I think the probability may be closer to 100%. Eventually the universe gets cold and dark and the amoebas die.

This is very complex!!!!!!!!!!!!!!!!!!

Ummmm.... I'm looking at the answer but I don't see an answer...

If you understand the teaser then you know it's a little more complicated than that.

i found this exact question in my text book

So what is the probability then?

Just when I thought I had mustered up the courage to tackle a probability teaser, I ran into this. Hats off to you! (I guess I better get that old math textbook I forgot to return to school). You're SOMETHING else. By the way, Was this an Original???

its obvious you just coppied it straight out of a book or another website

I have a different answer and a different eplaination.

We can join the wo probabilities that they split into 2 or 3 since the question does not ask how many there will be if they do survive. We now have 3 possibilities. they split 50%, they stay or they die 25% each. If they stay, they will be wiped out eventually anyway so we can say that either they split or they die. Thus giving a 50% chance to both. If you find something wrong with this comment, don't blame me. I'm only 12

We can join the wo probabilities that they split into 2 or 3 since the question does not ask how many there will be if they do survive. We now have 3 possibilities. they split 50%, they stay or they die 25% each. If they stay, they will be wiped out eventually anyway so we can say that either they split or they die. Thus giving a 50% chance to both. If you find something wrong with this comment, don't blame me. I'm only 12

This teaser is so easy except for one point at which I could find no proper explanation.

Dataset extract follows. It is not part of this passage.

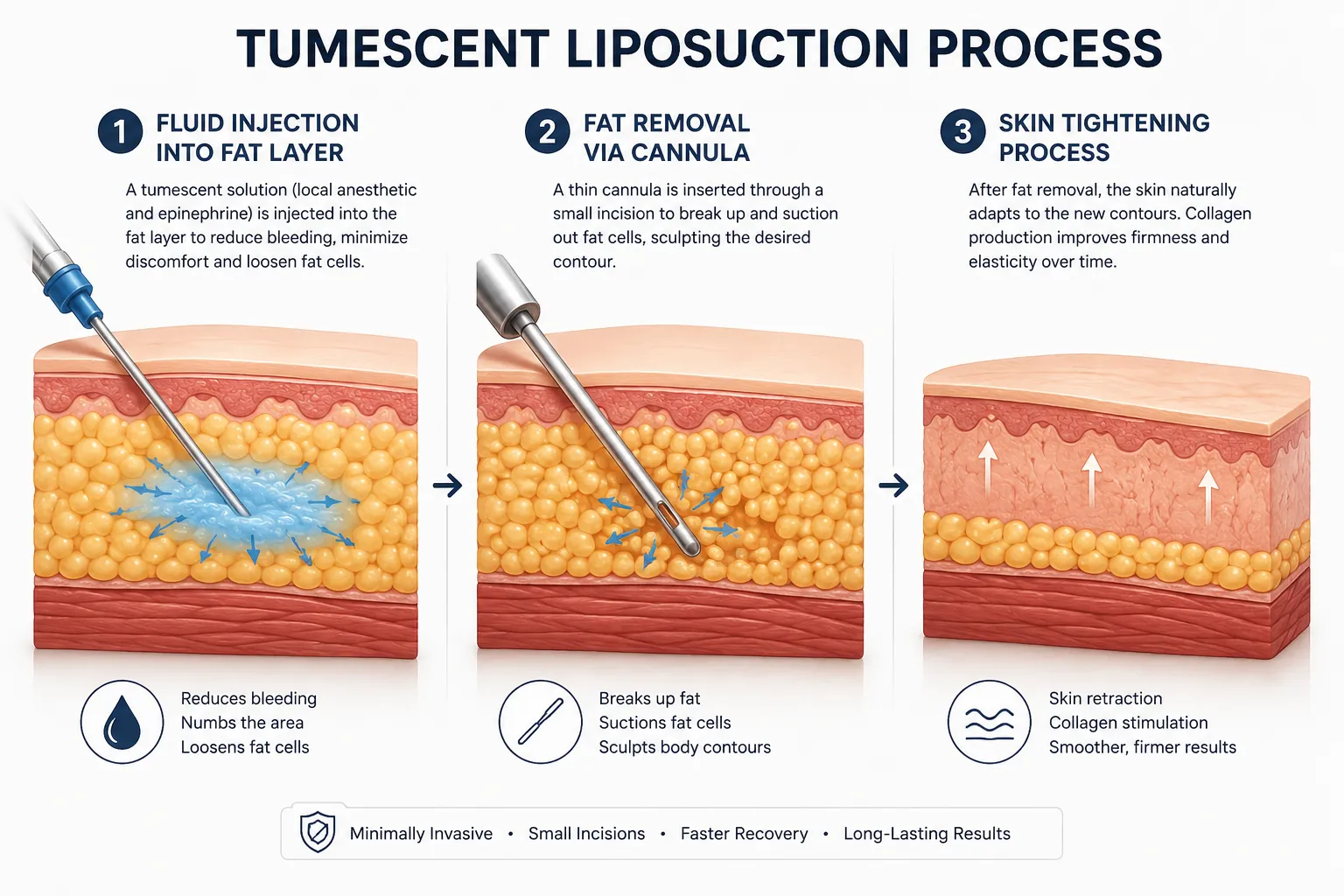 Tumescent Liposuction Process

It was hard for me to imagine the life cycle of an amoeba, so i stated it in a matter of fomulas instead.

The probability of an ameoba tree of desendants eventually dying is P, where 1 >= P >= 0.

You get the equation

P = 0.25 + 0.25*P +0.25*P^2 + 0.25*P^3

or P^3 + p^2 -3*P + 1 = 0 which yields 3 solutions

P = 1 , P = -1 + SQRT(2) , P = -1 - SQRT(2)

The last solution is discarded because it falls out of our accepted range

Now the second solution is the right one, but still how can we discard the first? After all, a probabilty of an event can be 100% !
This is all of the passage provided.